What has 40 years of Saturday Night Live produced? Limitless talent.
Comedy gets serious
Yesterday (11 Oct) marked SNL's (Saturday Night Live) 40th anniversary, and as seen during their commemorative show back in February, the live series has produced icon after icon over the past four decades. While most of pop culture's staple comedians began their careers on SNL, many of these personalities have moved on to greater things, be it acting in feature films, or writing and directing them.
The list is extensive, but today, we take a look at five stars who began their careers on SNL who have proven that they've got more under those slapstick comedy personas that we may be aware of.
The most obvious choice for this list, Bill Murray is probably the most diverse actor SNL has ever produced since he began his run in 1977. Having built his on-screen persona of the glum-faced, sleazy and insincere character, Murray had quickly embarked on an array of film genres following his debut success on SNL. He first made a somewhat shocking impression when he co-wrote and acted in an adaption of the novel The Razor's Edge in 1984, which was a flop. But he soon bounced back and took Hollywood by a storm with critically acclaimed roles in films such as Rushmore and Wild Things in 1998, and of course, his most renowned film Lost in Translation (2003) for which he received an Academy Award nomination.
Thanks to his iconic roles in comedies such as Anchorman and Step Brothers, Will Ferrell has easily become this generation's face of comedy since he first stepped foot onto the set of SNL in 1995. Having become the first SNL star to receive a Golden Globe nomination in 2006, for his role in The Producers, it's easy to say that Ferrell has probably played some of the most outrageous characters we've seen on screen. So it wasn't utterly surprising then, that nobody could take his Lifetime television movie A Deadly Adoption seriously, an all-too-serious dramatic thriller in which he stars opposite fellow SNL cast member Kristen Wiig. That aside, he proves his more serious acting chops in the 2006 film Stranger Than Fiction, a bittersweet dark comedy about a man named Harold Crick.
It was baffling, the fact that Kristen Wiig's starring credits were sided with that of Will Ferrells in A Deadly Adoption. The television movie wasn't quite a hit, but critics were unsure if it was because of its cliché plot, or if it was the fact that two major names in comedy were playing a couple of madly serious characters.

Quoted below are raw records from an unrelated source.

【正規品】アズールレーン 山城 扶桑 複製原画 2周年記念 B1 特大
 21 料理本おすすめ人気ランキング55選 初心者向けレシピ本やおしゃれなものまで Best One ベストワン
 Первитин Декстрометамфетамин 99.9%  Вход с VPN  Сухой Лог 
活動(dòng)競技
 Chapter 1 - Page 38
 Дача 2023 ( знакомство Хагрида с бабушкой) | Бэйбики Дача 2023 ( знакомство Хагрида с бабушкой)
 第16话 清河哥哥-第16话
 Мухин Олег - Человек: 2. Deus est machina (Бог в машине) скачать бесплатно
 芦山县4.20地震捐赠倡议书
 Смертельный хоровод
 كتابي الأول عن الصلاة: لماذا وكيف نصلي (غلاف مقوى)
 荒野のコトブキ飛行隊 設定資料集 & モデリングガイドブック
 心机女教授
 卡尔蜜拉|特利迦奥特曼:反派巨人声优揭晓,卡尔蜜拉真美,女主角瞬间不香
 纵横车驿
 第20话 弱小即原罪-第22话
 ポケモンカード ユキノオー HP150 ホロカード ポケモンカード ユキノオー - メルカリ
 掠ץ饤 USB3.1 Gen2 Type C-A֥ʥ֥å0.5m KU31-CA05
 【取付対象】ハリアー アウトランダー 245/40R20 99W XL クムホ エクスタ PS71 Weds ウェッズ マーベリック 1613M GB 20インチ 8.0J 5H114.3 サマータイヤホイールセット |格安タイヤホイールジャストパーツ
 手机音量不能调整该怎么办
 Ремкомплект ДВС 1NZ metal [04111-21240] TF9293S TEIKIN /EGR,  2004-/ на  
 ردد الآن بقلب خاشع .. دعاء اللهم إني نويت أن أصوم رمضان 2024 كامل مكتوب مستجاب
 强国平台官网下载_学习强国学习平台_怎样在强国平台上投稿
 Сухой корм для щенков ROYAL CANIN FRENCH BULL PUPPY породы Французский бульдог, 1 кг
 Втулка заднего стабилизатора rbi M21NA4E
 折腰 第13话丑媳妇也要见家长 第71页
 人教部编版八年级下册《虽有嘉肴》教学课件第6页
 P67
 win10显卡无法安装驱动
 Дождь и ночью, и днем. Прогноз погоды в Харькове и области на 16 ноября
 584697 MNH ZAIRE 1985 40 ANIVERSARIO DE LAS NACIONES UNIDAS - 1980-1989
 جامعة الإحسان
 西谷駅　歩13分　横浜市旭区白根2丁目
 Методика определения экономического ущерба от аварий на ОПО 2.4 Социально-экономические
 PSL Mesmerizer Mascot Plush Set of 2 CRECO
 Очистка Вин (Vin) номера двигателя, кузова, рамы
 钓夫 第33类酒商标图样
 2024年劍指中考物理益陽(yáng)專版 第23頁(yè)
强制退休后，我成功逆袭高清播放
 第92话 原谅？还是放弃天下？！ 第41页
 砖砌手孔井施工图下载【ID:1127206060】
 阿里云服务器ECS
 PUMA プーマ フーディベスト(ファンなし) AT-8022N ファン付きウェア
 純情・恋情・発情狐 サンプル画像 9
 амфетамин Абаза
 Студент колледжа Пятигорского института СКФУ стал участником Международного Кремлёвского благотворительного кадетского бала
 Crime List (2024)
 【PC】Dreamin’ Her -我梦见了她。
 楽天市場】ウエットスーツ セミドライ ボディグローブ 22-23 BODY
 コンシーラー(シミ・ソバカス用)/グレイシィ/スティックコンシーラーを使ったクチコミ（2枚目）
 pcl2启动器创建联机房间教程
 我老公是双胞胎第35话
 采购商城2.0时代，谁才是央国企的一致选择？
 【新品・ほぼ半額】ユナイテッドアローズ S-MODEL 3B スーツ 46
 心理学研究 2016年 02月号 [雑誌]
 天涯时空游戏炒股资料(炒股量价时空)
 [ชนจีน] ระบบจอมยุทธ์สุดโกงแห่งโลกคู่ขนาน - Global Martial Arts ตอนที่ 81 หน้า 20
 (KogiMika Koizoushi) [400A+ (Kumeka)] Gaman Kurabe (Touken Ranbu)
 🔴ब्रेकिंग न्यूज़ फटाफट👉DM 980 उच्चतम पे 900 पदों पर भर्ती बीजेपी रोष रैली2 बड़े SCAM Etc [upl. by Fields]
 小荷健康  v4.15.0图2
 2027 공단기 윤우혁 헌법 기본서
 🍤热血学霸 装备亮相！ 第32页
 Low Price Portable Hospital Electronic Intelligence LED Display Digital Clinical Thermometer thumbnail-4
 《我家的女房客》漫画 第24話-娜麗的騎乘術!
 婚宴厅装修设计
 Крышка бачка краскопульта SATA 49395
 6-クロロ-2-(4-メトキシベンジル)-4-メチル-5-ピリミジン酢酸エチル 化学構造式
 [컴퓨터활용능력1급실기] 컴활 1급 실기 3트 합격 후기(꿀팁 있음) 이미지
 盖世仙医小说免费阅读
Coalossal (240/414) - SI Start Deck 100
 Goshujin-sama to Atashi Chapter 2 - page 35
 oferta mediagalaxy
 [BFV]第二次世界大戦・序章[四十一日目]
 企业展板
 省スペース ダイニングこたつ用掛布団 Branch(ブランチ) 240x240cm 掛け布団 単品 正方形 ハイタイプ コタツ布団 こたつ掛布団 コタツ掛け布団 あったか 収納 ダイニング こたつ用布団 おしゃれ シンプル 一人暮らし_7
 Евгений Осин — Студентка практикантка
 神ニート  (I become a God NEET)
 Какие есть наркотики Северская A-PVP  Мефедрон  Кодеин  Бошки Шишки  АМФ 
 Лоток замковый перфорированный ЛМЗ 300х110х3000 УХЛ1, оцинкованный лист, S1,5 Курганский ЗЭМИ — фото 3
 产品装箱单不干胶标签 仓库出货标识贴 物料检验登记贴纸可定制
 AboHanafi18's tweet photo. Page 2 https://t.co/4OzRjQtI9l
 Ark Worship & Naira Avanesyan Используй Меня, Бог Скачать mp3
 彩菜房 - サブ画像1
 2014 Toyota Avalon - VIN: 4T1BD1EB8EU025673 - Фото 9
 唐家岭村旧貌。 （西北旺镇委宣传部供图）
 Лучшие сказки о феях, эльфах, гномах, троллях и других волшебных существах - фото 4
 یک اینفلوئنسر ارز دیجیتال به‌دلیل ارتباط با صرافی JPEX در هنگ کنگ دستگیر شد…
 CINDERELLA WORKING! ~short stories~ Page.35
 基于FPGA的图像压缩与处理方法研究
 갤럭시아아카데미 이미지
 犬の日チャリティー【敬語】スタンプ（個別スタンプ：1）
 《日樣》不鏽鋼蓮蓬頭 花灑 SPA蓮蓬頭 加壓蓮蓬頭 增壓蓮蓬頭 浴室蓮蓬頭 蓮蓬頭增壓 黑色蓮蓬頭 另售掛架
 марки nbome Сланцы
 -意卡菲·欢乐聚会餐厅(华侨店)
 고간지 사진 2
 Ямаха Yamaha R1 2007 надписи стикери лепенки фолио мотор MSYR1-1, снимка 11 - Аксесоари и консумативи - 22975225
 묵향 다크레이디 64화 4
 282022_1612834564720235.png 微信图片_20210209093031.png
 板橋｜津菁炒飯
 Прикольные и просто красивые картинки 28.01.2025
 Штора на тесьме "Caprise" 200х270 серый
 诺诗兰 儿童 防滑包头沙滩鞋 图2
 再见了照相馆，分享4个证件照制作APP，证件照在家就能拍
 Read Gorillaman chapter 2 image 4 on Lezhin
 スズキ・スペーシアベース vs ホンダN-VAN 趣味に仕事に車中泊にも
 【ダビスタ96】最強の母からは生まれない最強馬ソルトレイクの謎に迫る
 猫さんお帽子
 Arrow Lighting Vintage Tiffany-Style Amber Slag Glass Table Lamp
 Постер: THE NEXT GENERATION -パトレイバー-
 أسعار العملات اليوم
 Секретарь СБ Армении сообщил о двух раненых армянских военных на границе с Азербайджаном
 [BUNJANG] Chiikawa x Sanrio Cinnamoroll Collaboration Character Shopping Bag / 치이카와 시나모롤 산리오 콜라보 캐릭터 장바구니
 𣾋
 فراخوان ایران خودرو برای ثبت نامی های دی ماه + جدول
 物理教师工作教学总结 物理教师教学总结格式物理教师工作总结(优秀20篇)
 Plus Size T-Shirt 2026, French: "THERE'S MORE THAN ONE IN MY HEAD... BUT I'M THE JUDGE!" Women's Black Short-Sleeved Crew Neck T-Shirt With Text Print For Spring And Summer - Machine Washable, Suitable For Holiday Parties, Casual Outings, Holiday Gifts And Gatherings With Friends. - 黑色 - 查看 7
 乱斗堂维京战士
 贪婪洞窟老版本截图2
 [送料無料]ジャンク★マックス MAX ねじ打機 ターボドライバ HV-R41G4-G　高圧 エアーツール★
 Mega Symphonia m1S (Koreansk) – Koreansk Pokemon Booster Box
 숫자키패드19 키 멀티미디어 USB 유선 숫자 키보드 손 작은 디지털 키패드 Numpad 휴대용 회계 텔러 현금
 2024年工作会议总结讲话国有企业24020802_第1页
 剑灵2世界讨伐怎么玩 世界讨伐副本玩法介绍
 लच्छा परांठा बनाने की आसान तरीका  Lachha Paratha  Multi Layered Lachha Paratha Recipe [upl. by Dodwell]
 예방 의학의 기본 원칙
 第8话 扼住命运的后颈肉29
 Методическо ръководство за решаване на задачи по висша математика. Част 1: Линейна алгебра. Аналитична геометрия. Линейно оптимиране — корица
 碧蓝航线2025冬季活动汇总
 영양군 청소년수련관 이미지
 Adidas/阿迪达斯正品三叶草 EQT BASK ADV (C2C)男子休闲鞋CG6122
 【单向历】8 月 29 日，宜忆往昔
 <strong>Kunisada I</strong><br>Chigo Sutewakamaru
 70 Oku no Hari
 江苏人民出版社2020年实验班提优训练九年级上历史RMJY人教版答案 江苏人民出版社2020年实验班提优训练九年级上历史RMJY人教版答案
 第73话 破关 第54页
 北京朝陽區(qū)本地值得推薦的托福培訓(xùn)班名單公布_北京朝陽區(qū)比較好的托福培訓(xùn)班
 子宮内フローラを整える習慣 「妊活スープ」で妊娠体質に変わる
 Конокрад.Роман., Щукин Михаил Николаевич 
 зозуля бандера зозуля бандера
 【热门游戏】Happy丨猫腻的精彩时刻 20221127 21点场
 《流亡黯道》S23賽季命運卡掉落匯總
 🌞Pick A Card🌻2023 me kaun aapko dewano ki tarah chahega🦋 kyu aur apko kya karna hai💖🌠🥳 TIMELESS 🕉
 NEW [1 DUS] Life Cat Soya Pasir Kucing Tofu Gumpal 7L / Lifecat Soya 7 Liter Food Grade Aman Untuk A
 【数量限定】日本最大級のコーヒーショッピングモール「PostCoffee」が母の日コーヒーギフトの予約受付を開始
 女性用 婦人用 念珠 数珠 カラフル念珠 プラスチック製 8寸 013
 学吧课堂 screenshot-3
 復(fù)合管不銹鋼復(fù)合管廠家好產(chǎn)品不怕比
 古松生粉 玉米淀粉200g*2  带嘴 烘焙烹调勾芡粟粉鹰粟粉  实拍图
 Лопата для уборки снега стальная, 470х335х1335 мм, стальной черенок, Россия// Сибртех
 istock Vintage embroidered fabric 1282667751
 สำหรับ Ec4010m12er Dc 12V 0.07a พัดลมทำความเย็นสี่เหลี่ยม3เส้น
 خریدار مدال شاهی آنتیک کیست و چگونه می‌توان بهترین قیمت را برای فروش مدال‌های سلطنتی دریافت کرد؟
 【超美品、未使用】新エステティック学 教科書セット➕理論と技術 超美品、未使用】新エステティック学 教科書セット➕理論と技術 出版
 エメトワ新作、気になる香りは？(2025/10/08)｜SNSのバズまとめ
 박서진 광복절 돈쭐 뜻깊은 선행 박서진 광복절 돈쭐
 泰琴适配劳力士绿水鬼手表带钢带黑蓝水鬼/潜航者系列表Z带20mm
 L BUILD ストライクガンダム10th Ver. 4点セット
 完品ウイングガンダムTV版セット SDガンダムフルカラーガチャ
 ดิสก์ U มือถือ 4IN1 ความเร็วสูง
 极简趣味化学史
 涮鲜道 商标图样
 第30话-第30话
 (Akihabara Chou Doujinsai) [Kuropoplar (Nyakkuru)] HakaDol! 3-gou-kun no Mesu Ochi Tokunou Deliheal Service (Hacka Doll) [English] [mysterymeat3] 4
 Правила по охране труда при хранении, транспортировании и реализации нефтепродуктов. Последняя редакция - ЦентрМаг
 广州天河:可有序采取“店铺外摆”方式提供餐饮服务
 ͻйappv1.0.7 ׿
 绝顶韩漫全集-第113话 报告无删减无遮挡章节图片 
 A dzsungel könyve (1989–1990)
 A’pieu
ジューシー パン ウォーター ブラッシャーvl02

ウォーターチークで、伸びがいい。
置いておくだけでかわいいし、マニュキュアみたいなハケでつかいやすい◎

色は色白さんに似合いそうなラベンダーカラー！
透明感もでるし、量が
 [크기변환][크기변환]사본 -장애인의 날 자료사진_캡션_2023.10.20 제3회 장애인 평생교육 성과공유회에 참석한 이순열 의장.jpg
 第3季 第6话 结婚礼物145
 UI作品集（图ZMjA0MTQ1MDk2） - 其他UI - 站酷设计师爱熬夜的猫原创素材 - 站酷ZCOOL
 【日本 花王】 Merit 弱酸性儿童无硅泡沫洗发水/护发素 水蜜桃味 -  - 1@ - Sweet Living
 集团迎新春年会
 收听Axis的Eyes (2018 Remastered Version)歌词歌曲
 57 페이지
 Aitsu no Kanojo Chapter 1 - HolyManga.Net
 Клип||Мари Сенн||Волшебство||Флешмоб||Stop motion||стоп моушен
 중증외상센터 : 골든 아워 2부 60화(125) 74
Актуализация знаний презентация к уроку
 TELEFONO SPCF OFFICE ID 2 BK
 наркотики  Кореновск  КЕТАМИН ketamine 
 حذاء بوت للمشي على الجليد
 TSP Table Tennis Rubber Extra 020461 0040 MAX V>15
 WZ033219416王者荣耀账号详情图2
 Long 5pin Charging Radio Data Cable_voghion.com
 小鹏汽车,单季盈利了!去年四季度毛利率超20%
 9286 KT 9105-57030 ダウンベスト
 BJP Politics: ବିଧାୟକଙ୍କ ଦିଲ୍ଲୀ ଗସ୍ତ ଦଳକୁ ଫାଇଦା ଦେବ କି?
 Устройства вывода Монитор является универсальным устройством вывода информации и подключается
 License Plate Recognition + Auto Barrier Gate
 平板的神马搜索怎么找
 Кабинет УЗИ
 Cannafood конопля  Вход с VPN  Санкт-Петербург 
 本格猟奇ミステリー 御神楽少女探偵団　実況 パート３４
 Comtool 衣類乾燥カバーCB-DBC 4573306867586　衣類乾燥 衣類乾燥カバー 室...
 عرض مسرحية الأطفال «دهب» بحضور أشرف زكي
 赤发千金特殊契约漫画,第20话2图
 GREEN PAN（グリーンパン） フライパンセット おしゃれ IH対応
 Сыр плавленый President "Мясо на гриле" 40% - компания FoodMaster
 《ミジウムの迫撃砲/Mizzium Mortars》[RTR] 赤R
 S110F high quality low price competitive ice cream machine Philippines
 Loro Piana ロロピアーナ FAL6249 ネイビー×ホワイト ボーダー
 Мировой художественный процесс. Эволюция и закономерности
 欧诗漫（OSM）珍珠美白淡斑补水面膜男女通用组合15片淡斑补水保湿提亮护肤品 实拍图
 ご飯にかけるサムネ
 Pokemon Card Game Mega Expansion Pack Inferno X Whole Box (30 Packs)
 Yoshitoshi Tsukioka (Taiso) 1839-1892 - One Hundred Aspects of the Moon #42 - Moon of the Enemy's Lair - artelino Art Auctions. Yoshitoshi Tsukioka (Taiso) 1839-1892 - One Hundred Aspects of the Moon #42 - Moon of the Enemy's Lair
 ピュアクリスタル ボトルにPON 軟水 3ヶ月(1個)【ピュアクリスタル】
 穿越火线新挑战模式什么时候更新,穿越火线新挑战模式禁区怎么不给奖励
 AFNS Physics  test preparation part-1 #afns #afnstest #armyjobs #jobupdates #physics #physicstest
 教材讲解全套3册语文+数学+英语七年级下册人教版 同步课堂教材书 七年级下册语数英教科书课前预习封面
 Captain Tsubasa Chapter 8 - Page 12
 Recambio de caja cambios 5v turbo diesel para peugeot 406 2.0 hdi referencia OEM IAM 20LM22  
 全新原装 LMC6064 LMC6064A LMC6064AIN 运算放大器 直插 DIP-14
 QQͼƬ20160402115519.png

Wiig is probably one of the most unassuming of the SNL cast - a perfect female counterpart that can match the outrageous characters Will Ferrell plays - and she seemed to have found a perfect balance between comedy and dramatic characters in her starring roles in Bridesmaids (2011), The Secret Life of Walter Mitty (2013) and Welcome to Me (2014). But as her recent role in The Martian goes to show, the actress almost completely removes herself from her quirky brand of comedy, playing the head of Public Relations for NASA, Annie Montrose.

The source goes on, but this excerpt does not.